• Texas Courts are Serious about the Opportunity to Cure
  • February 7, 2014
  • Law Firm: DeHay Elliston L.L.P. - Dallas Office
  • We recently had a case in which the plaintiff sued our client for allegedly defective products and demanded that we pay for the cost of remediation necessitated by the defect. The total claimed for remediation was close to $300,000, plus attorneys’ fees for breach of contract. We counter-sued for the unpaid invoices for the product, and we demanded attorneys’ fees for breach of a sworn account.

    Looking at the plaintiff’s case, it was to be a timely and expensive investigation into whether, in fact, the products had been defective. Experts would weigh in, samples would be analyzed, and depositions of site owners, workers, and representatives of the companies would be taken. And even worse, trial was just around the corner. Would it make sense to simply pay for the remediation and avoid all these litigation costs?

    The answer was unequivocally no! As it turns out, whether our products were defective, in this case, would never be reached. The plaintiff never gave our client the opportunity to cure. The plaintiff undertook the remediation before meeting with our client to discuss the defects. While we maintained our products were exactly what the plaintiff ordered—none of that mattered. We filed a traditional summary judgment motion, and we argued that because the plaintiff did not give us the opportunity to cure, the plaintiff was not entitled to a recovery.

    The court agreed and granted summary judgment. In the end, rather than paying the plaintiff $300,000 plus attorneys’ fees, we received payment for the unpaid invoices plus our client’s attorneys’ fees. What’s the lesson here? Before delving into whether a product is defective—did the customer give your client a chance to cure the claimed defect?

    Under section 2.607(c)(1) of the Texas U.C.C., a buyer is required to notify a seller that a breach of warranty has occurred in order to allow the [6] seller an opportunity to cure the defect, if any.

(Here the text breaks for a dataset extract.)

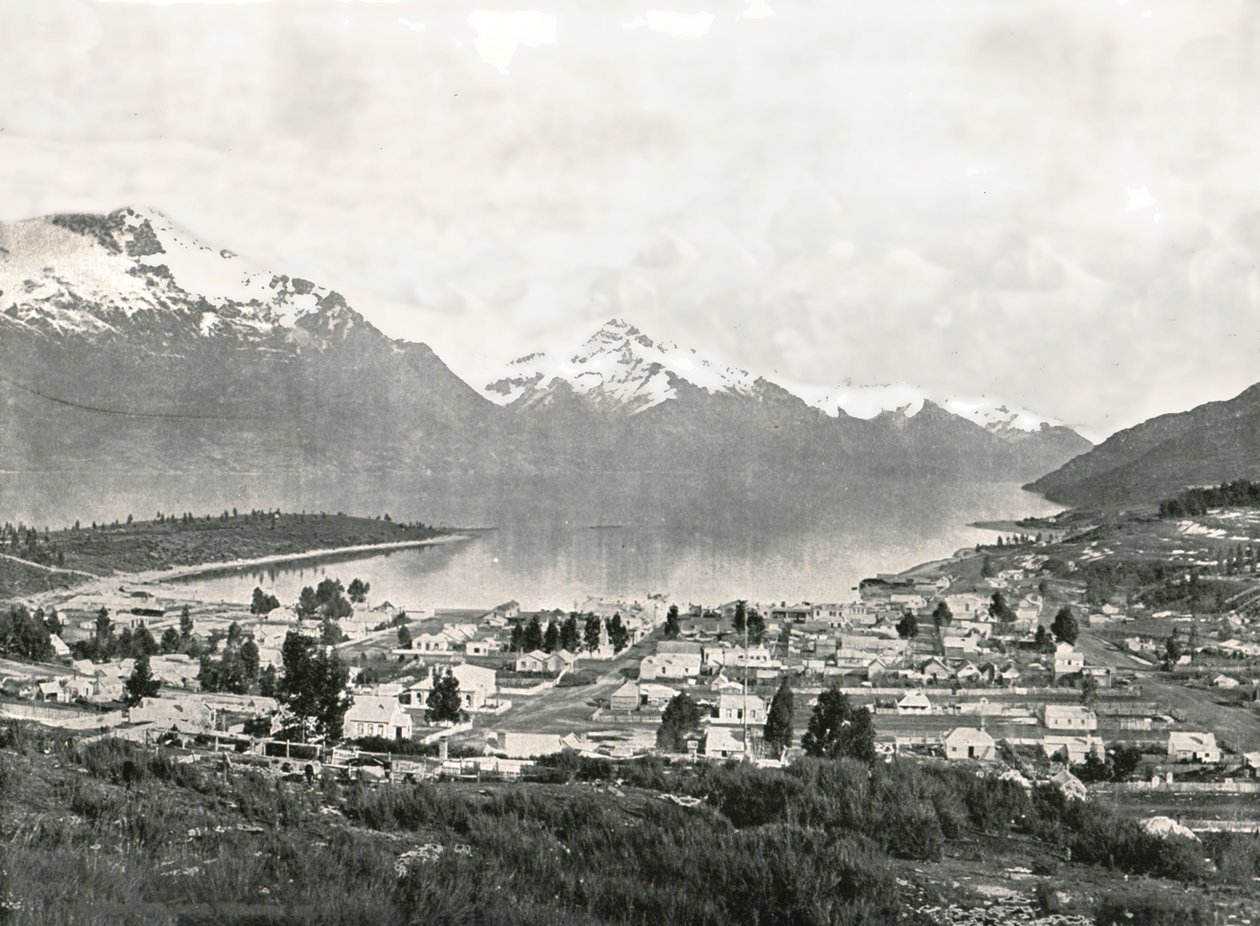 Wakatipu-järvi ja vuoret, Queenstown, Uusi-Seelanti, 1895. tekijältä Unbekannt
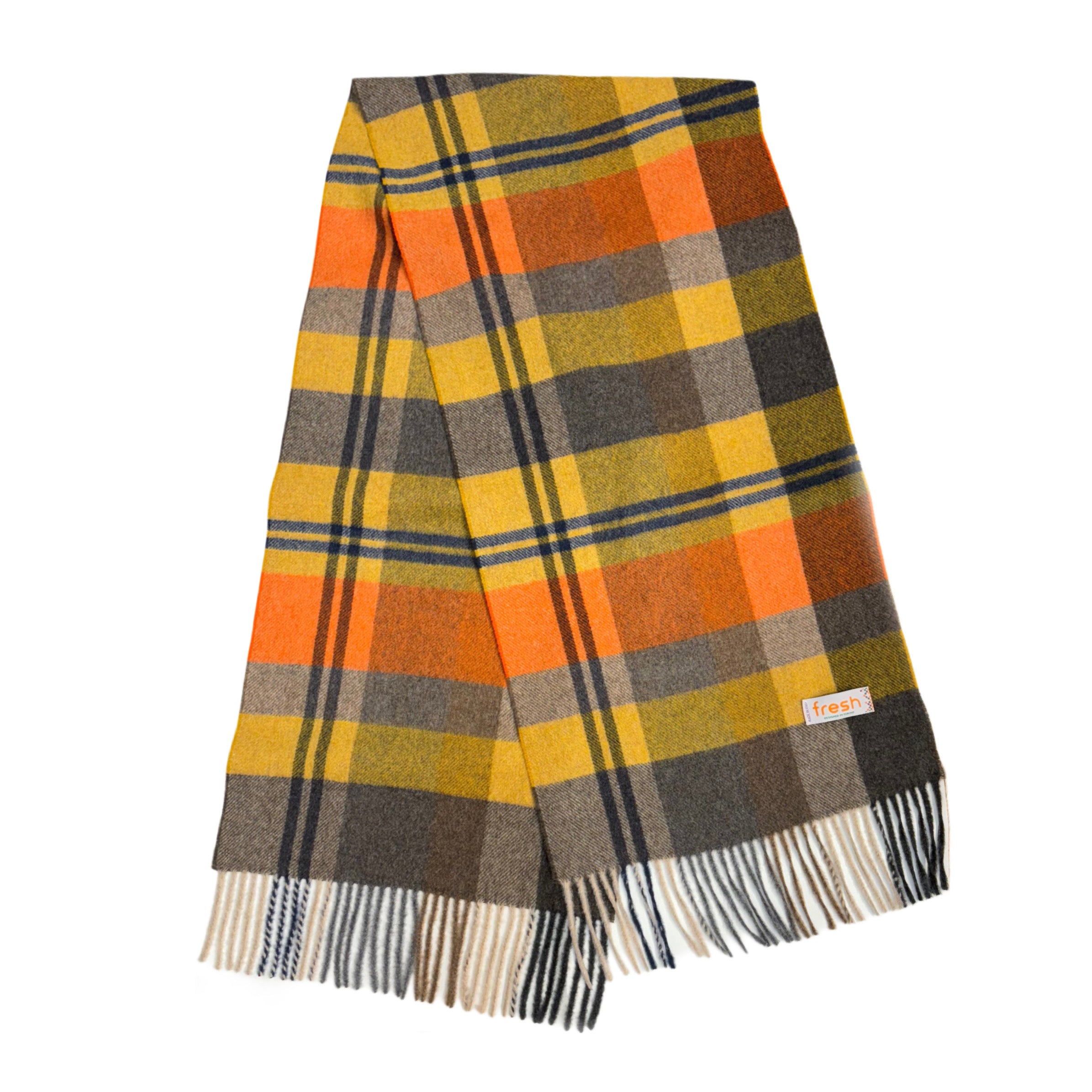 Sciarpa in lana tartan arancione FRESCO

Miller v. Spencer, 732 S.W.2d 758, 761 (Tex. App.--Dallas 1987). The notice requirement under Tex. Bus. & Com. Code Ann., § 2.607(c)(1) is liberally construed. Vintage Homes, Inc. v. Coldiron, 585 S.W.2d 886 (Tex. App.--El Paso 1979, no writ); Reynolds Metals Co. v. Westinghouse Electric Corp., 758 F.2d 1073, 1078(5th Cir. Tex. 1985).

    Too often, we focus on the notice period or the products themselves in products cases. These are both fact-based inquiries that likely preclude summary judgment. However, Texas mandates the notice period so that a seller can cure! Under the Uniform Commercial Code, a buyer is required to notify the seller that a breach of warranty has occurred before bringing a cause of action against the seller to give the seller an opportunity to cure the defect. Brewer v. General Motors Corp., 926 S.W.2d 774, 781 (Tex. App.--Texarkana 1996 (emphasis added). Failure to notify the seller of breach of warranty and to allow the seller some opportunity to cure bars recovery on the basis of breach of warranty. Lochinvar Corp. v. Meyers, 930 S.W.2d 182 (Tex. App.--Dallas 1992, no writ).

    Giving the seller the opportunity to cure makes sense. With no opportunity to cure, the seller is cut out of the loop. Maybe the seller would have provided new products? Maybe the seller would have determined the products were not defective? Maybe the seller would have chosen someone else to do the remediation? Failing to give the opportunity to cure leaves the seller with no input or control. Texas courts agree—that just ain’t right.